> **Work request**
Exactly as written, copy every line from the one containing "A beige and" through the end of the records, with the pictures left out.

> **Data extracts**
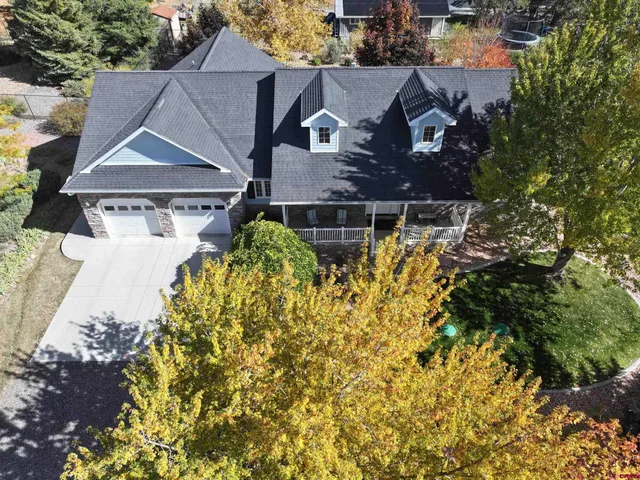 an aerial view of a house with a yard and garden
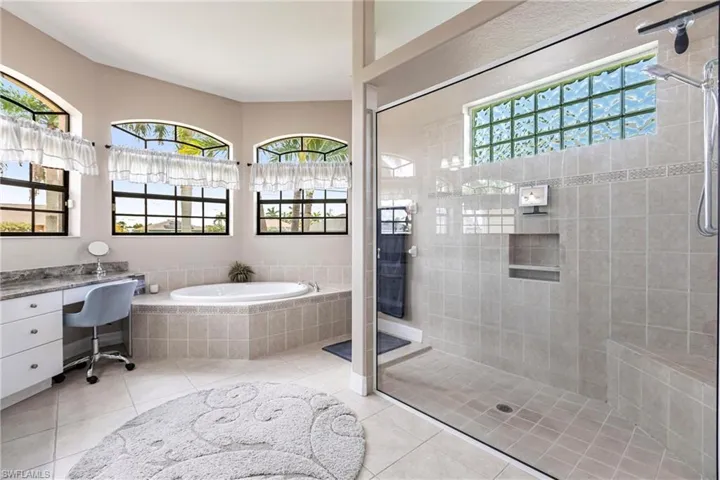 Bathroom with tile floors and plus walk in shower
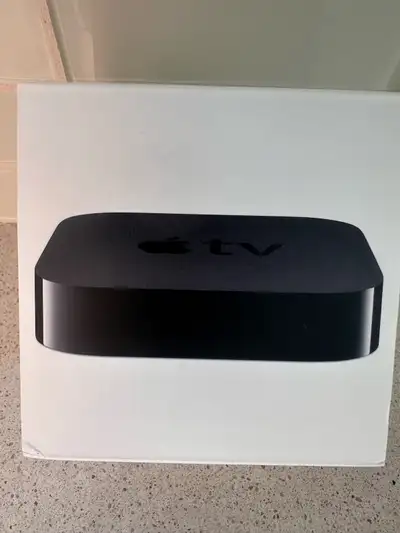 Never been opened Apple TV box (model A1469) is the 3rd generation, Rev A Apple TV, also called Appl...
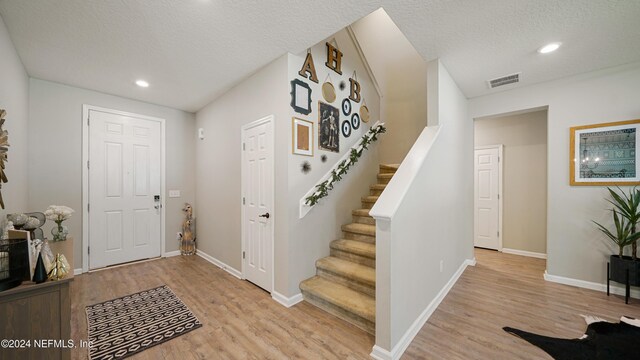 entryway featuring a textured ceiling and light hardwood / wood-style flooring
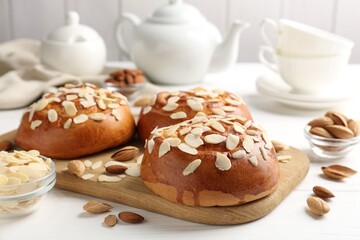 Wall Mural - Tasty roll buns with almond flakes, nuts and tea set on white wooden table, closeup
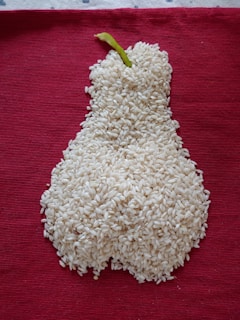 A mound of white rice is arranged in the shape of a pear with a green stem, placed on a textured, deep red fabric background.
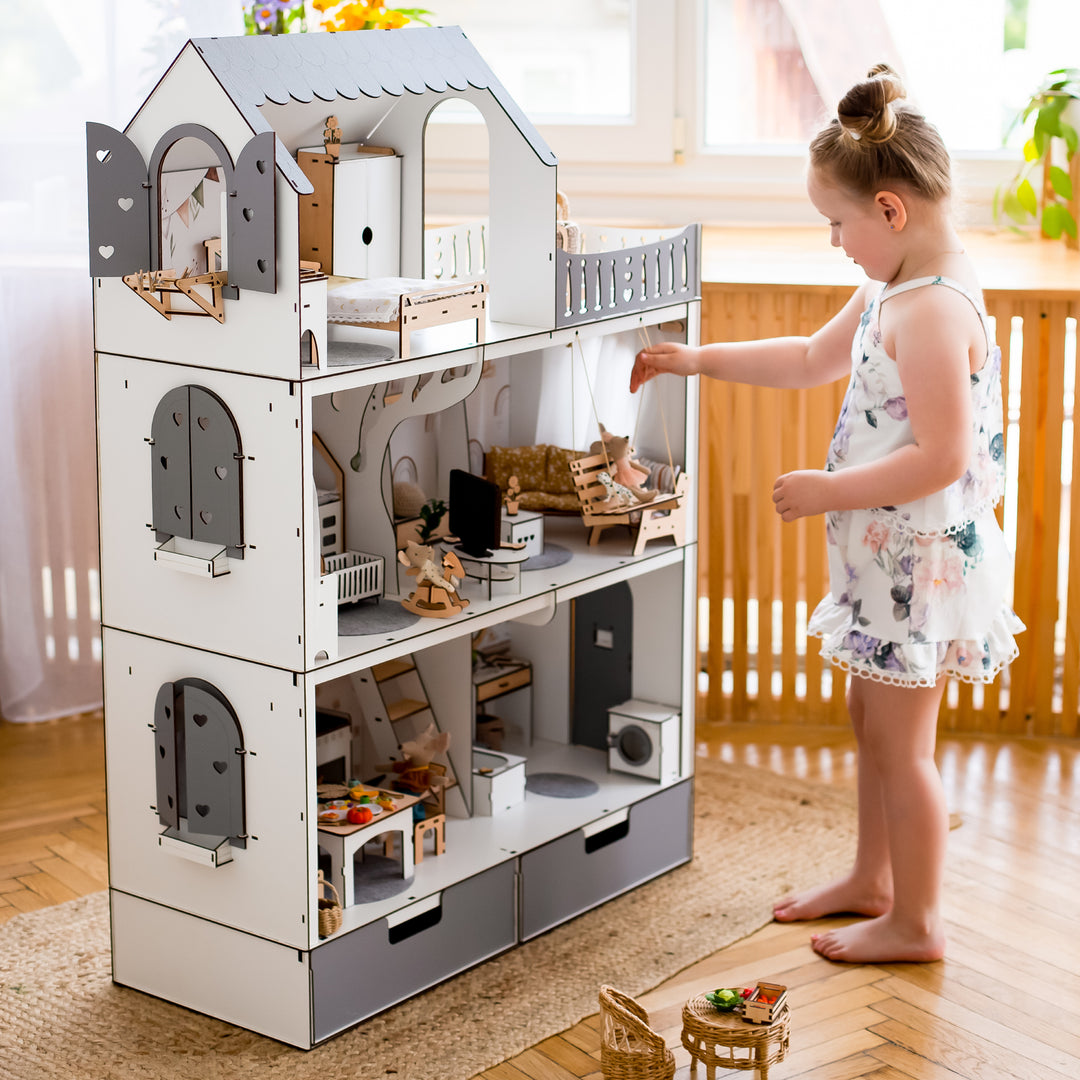 A beige and white dollhouse with a child arranging a small doll in a room, showcasing the product's use.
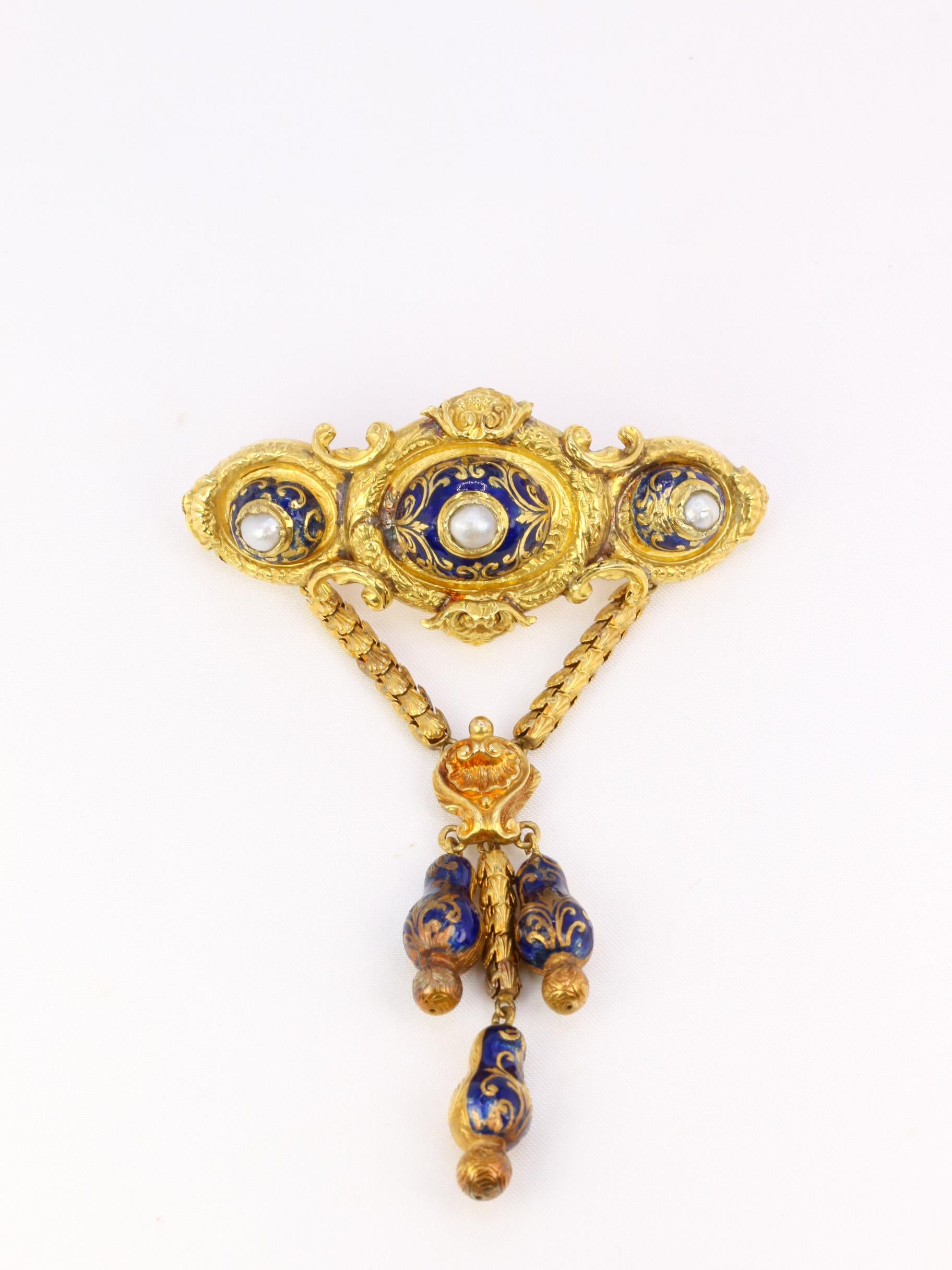 18Kt (750°/°°) yellow gold victorian brooch featuring an upper element decorated with arabesques and foliage and three oval parts enhanced with blue enamel and each centered with a fine gray pearl. This element supports a lower part composed of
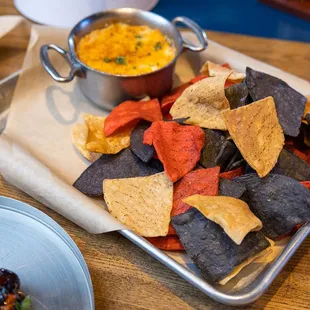 a plate of chips and a bowl of dip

> **Result of the task**
 A beige and white dollhouse with a child arranging a small doll in a room, showcasing the product's use.
 18Kt (750°/°°) yellow gold victorian brooch featuring an upper element decorated with arabesques and foliage and three oval parts enhanced with blue enamel and each centered with a fine gray pearl. This element supports a lower part composed of
 a plate of chips and a bowl of dip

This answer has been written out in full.